[DATASET EXCERPT]

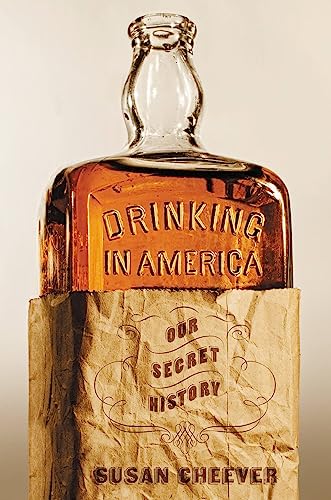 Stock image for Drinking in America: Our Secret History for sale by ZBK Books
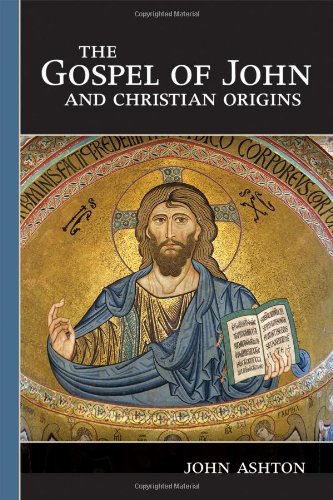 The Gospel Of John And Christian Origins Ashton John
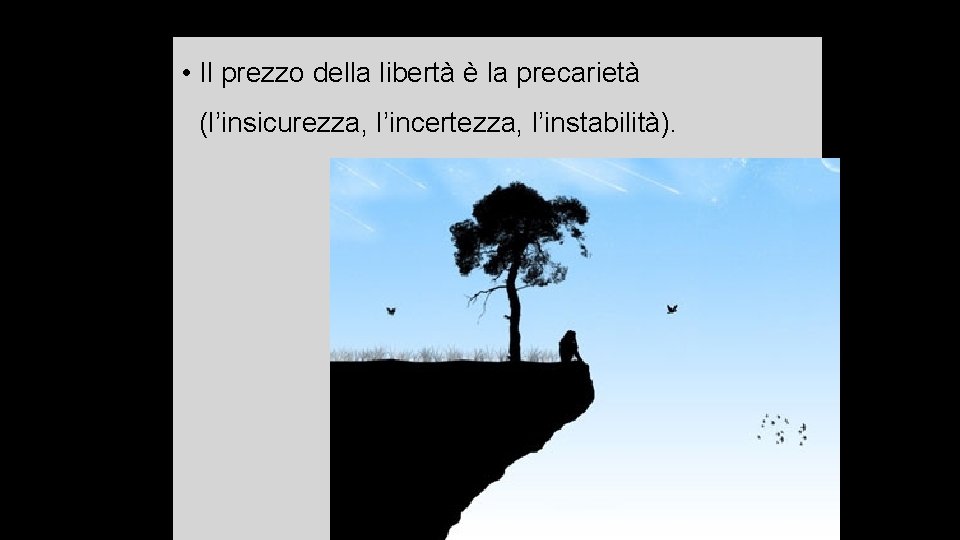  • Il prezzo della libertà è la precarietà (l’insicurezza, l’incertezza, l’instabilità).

[WHAT THIS TASK INVOLVES] The full text of the data above, exact and without pictures, is what to return.

[WORKED SOLUTION]
 Stock image for Drinking in America: Our Secret History for sale by ZBK Books
 The Gospel Of John And Christian Origins Ashton John
  • Il prezzo della libertà è la precarietà (l’insicurezza, l’incertezza, l’instabilità).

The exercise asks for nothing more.